Ryusenshi wrote:By the way: I finished reading Hamlet ages ago, and forgot to share my thoughts on it.
Mostly, I'm puzzled.
Yep. It's confused people ever since. Several of his plays do that - The Winter's Tale
is downright weird, and King Lear
is pretty peculiar too. I think we need to remember we're dealing not just with a genius, but a genius from another world - another time, another culture - whose work is sometimes strange in the way that genuinely alien storytelling often is. We also need to remember that we largely lack the context for his works. In the case of Hamlet, for instance, he's adapting a very old, well-known story, and a story that it's believed had already been staged in London not long before, so he's dealing with an audience who may come to the story with preconceptions different from ours. For instance, the idea of Hamlet feigning madness is in the earlier versions, so he may have felt that he could deal with the reasoning behind it in shorthand, as it were.
But regarding Hamlet in particular: yes, it's seen as a very disorderly play, and its reputation has soared and plummeted according to how different eras have reacted to disorderliness in their fiction. For some, it's badly-written and inelegant; for others, it's Gothic and sublime and terrifying.
Sure, it's very well-written and endlessly quotable (the number of lines from this play that became cliches is astonishing). Some of the soliloquies cut pretty deep. But the plot seems weird and disjointed. Like, there's a letter saying that Hamlet has been kidnapped by pirates, then he comes back as if nothing had happened.
He does this in several plays - creates this sense of randomness and confusion. Which is, of course, pretty true to life, particularly in an era in which everything outside your own line of sight existed in a Schroedingerian fog of unreality.
The ending comes out of nowhere, a far cry from the terrifying sense of logic that runs through Macbeth or even Romeo and Juliet.
Yep. Confusing or disorienting. And the idea of having so much of the key action occur off-screen, in another country! It's incredibly bold. Is that good, or bad? Well, your mileage may vary.
Hamlet pretends to be mad as part of a plot, but it's unclear what was the point: Claudius, the main target, isn't fooled, and this plot only ends up alienating all of Hamlet's allies save Horatio.

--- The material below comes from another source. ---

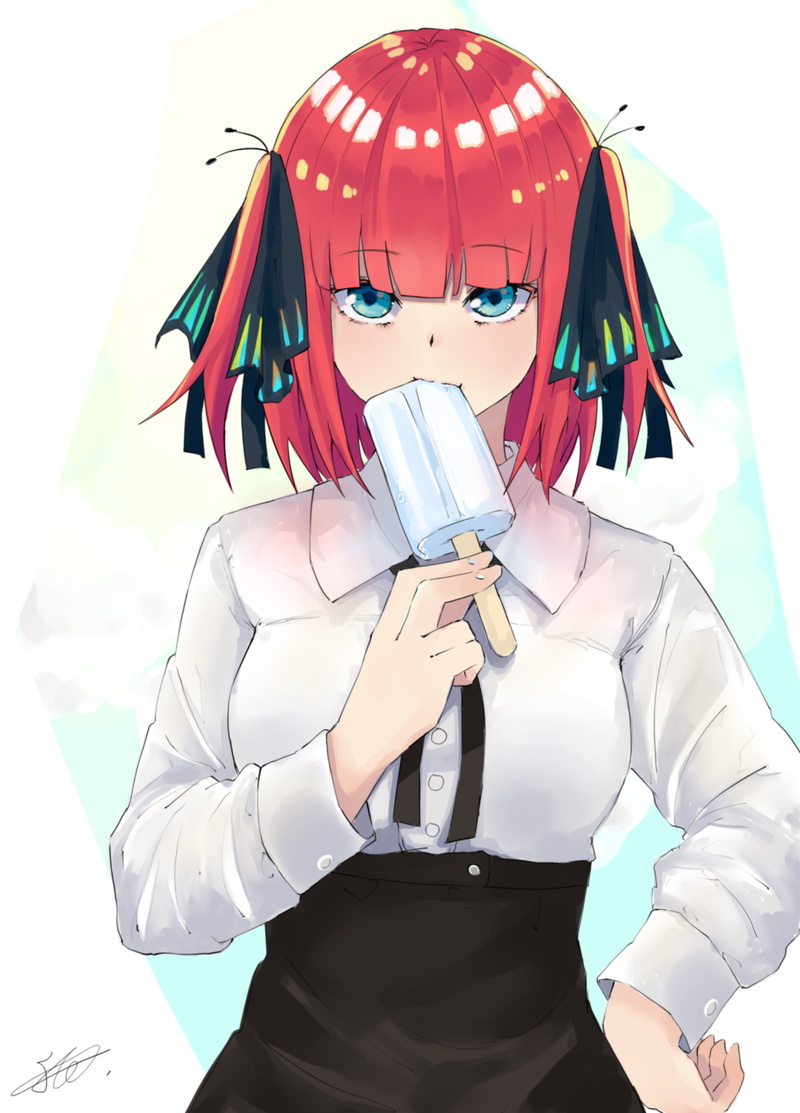 simple background, redhead, short hair, blue eyes, 5-toubun no Hanayome, 2K, ribbon, white t-shirt, Nakano, anime girls, Nino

Well, who knows? Some people think that he's mad all along - either he's pretending to be pretending to be mad, or because he's mad he thinks he's only pretending. Is pretending to be mad different from being mad, if you don't always remember you're pretending? Some think, I think, that Hamlet uses madness as an excuse for inaction - he pretends he's doing it for a reason but really it's a form of escape. It's also a cloak that lets him say things he wouldn't otherwise be allowed to say - which is a big theme of a lot of writing from around this time (remember, Shakespeare is living in essentially a brutal dictatorship with a terrifying secret police and a culture of concealing your thoughts at all times; Hamlet manages to conceal his thoughts by speaking them openly). And on a practical level, Claudius may suspect that something is up, but he doesn't have him executed, so it may be that the ruse works just well enough.

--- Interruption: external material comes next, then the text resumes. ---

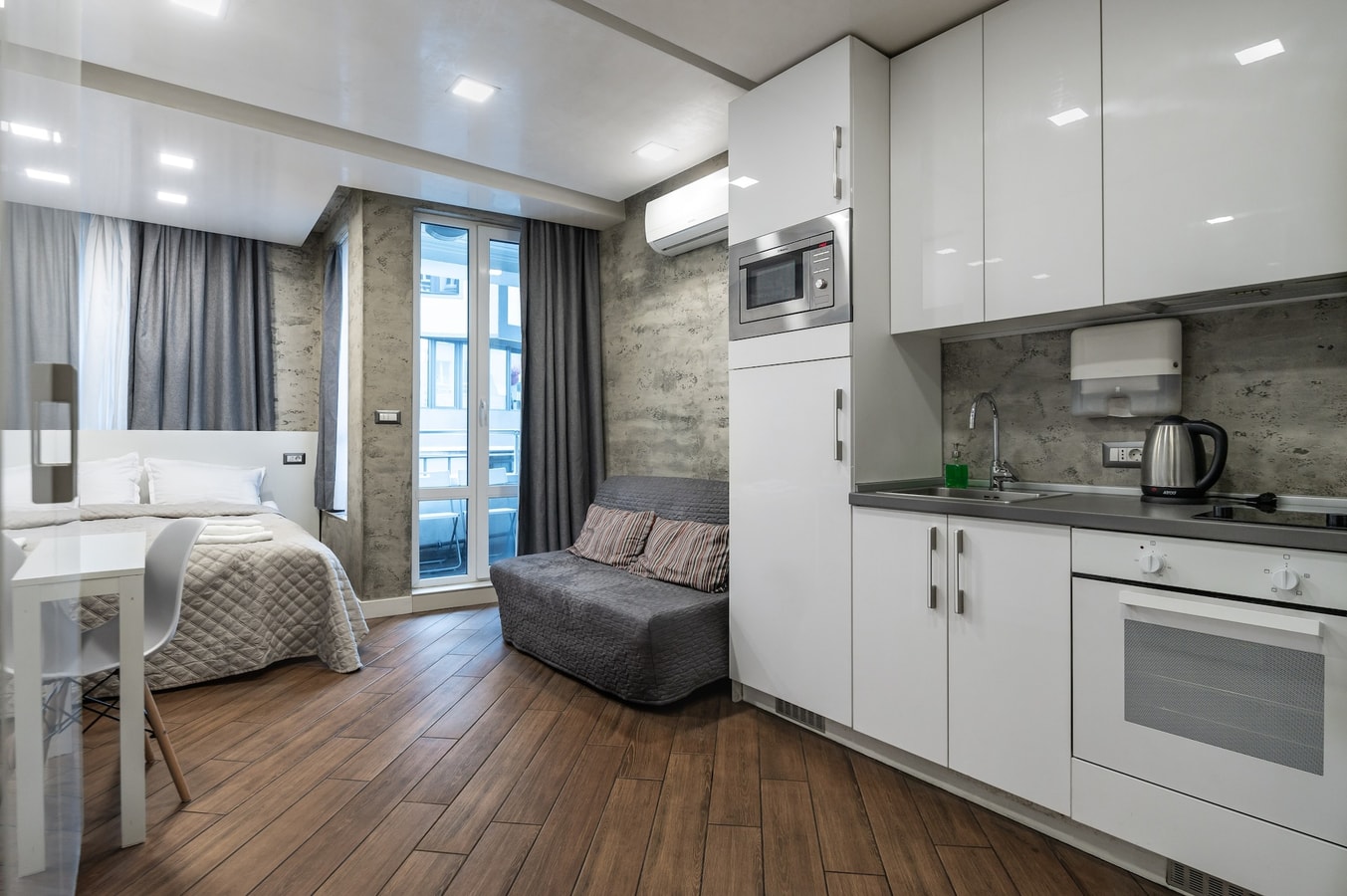 Luxury Studio Silver 6 Flat Manager Booking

Hamlet's feelings towards Ophelia are also a complete mystery. He never mentions her in all of his soliloquies; one scene he gives her the cold shoulder, and the very next he makes crude passes at her. When she dies, he hams it up as the tragic lover, only to completely forget her the next moment. It seems he has no feelings for her at all, but then what's the point of pretending to have them?
Indeed! Does he have feelings, or doesn't he? Does he know whether he does? How much of his behaviour to her is his ruse of madness, and how much a reflection of his real thoughts? If you see Hamlet as mad, this makes sense. Likewise, if you see him as someone driven by the imposed belief
in duty rather than by the actual passion for it, this makes sense. [in this version, Hamlet's constant delaying of his vengeance comes from a conflict between his knowledge that he OUGHT to be willing to throw his life away to revenge his father, and his actual lack of the passion that would drive him to do so, for which he sometimes overcompensates.]

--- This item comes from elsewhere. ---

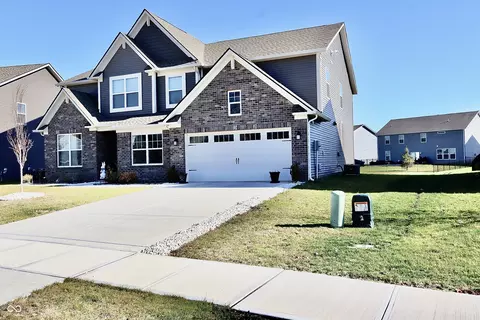 Exterior - 8746 Lester Pl, Pendleton, IN 46064 photo 2 of 4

So, overall, color me skeptical.
I think it's a very interesting play. Personally, though, I agree that it's not my favourite. I think Shakespeare probably just had an itch to scratch to make something weird and disorienting, and it's intentionally ambiguous in many ways, without all those ways necessarily being planned. But it's worth noting that it was his most popular play with contemporary audiences.
Then again, I'm not a huge Shakespeare fan. I like Macbeth even less, for instance. The Shakespeares I like best are the more rooted, historical works, where he tends to stick more closely to conventional narrative - elsewhere, he often goes for a more, as it were, impressionistic style, while I prefer tightly-planned affairs. This was, incidentally, a big part of the Jonson vs Shakespeare dispute for centuries after: the chaotic, weird Shakespeare vs the classical, skillfull Jonson. [And, of course, the blockbuster, lowest-common-denominator Shakespeare vs the intellectual, artistic Jonson. Shakespeare was, let's say, the Game of Thrones of his era, where Jonson was (it was thought for a long time) The Wire.]